* [Work request]: With the material below, print exactly the lines between the line holding "astronaut visit of" and the line holding "Volvo XC60 PHEV", inclusive. Add nothing else.

* [Provided information]:
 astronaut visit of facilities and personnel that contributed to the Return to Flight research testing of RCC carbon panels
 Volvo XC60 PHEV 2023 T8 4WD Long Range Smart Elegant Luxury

==

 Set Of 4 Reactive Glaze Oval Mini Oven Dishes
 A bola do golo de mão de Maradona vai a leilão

* [Written response]:
 astronaut visit of facilities and personnel that contributed to the Return to Flight research testing of RCC carbon panels
 Volvo XC60 PHEV 2023 T8 4WD Long Range Smart Elegant Luxury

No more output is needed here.